Jesse discussed issues with non-gaussianess of incoherent data generated using coif12 wavelet. Based on chi^2 test the data are not statistically gaussian. Moreover, farge thresholding process does not do as advertised: select the threshold the results in the most gaussian incoherent data.
Is optimal gaussian threshold found by Jesse consistent for all vars or time steps?

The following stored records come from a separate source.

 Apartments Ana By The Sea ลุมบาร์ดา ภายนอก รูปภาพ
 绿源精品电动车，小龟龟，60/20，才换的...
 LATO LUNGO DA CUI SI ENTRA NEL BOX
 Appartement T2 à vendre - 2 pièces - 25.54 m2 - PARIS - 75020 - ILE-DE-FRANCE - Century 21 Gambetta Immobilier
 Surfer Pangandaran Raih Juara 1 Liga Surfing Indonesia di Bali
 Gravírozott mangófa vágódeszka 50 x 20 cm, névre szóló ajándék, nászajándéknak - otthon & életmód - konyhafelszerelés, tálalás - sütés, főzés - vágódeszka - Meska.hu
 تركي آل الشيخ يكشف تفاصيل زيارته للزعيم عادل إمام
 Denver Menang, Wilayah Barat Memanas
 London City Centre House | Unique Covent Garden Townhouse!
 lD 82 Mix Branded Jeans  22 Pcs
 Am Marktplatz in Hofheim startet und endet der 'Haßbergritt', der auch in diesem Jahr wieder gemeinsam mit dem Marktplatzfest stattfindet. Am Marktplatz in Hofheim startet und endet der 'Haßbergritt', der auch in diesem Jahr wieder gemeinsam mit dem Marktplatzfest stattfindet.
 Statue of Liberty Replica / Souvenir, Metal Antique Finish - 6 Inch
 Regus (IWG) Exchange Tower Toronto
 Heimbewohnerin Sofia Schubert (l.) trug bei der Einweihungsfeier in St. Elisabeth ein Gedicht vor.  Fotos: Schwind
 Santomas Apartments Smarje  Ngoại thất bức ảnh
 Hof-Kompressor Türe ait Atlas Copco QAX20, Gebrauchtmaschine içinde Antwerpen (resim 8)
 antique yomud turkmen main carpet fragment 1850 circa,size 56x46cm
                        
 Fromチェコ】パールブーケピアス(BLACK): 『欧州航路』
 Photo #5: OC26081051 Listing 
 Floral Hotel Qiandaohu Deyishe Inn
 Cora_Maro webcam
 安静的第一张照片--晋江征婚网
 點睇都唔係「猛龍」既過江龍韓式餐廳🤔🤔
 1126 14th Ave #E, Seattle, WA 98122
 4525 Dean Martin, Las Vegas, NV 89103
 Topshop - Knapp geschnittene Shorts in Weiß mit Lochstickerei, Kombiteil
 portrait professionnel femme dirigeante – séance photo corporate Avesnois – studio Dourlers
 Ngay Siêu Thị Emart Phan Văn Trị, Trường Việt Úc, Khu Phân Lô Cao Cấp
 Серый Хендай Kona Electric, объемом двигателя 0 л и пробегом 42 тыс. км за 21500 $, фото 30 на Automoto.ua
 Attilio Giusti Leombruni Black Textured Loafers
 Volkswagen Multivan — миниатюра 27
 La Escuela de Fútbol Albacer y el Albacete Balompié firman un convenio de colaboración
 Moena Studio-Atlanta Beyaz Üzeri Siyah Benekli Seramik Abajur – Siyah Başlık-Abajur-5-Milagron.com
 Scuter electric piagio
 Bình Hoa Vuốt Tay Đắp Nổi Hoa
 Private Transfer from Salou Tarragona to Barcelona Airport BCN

Jesse is running another gaussian fit test (Anderson Darling)
Action
Compare gaussian fit results obtained with coif12 wavelet with coif30 and haar wavelet. Need to test if ideal threshold is consistent across variables and time steps. - Jesse
Explore possibility of using "over complete dictionary" to either filter off gaussian components, or retain structures - Chris
Important Quote, likely the focus of the paper:
"The choice of the threshold is based on theorems proving optimality of the wavelet representation for de-noising signals – optimality in the sense that wavelet-based estimators minimize the maximum L2-error for functions with inhomogeneous regularity in the presence of Gaussian white noise."
The incoherent velocity PDF is Gaussian and the incoherent vorticity PDF is exponential decay.
From Kadoch et al. 2009 (with Farge and Schneider)
One more thought to add to paper:
What type of velocity distribution provides a k^2 kinetic energy power spectrum in Fourier space?
Then use whatever filter will find the k^2 component of the velocity. Instead of trying to find Gaussian noise in vorticity, try to find the k^2 component in velocity.
3 Comments
John Clyne
A: this is a comment added by john
hleee
Here are a few comments/confusions I have regarding the Farge, Pellegrino and Schneider 2001 paper:
1- What exactly is meant by the terms 'homogenous' and 'isotropic' as applied to turbulent flows?
Are such flows only 'isotropic' statistically? Are these conds. sufficient/necessary for successful application of a separable (ie directionally biased) 3D wavelet transform?
What would happen if you rotated/shifted their data before computing curl / wavelet transforming / thresholding etc.? If you did this and retained 10% of the coefficients instead of 3%, what would that mean? I suppose this is along the same line of questioning as Mark's random phase k^-5/3 power idea, which I think we should definitely try.
2- (Comment I above) The denoising cutoff coefficient they use assumes that the noise is normally distributed. However when the compute the PDF of the incoherent vorticity they find that it
is exponentially distributed. So obviously whatever they separated out is not Gaussian noise. I think that this might invalidate their use of Donoho's threshold. I also found last summer that for Taylor/Green Donoho's hard threshold was not the optimal one to use in terms of minimizing (%coeffs retained)*(L_2 norm of residual).
3- (Comment H above) What do they mean by 'white noise scales as k^2 in 3D'? I thought that the power spectrum of white noise was iid chi-square random variables since the Fourier transform, being unitary takes iid N(0,sigma) signals to iid N(0,sigma) signals.
John Clyne
I confirmed that the boundaries for the TG data set are periodic in all directions. The 2006 Mininni et al paper is attached.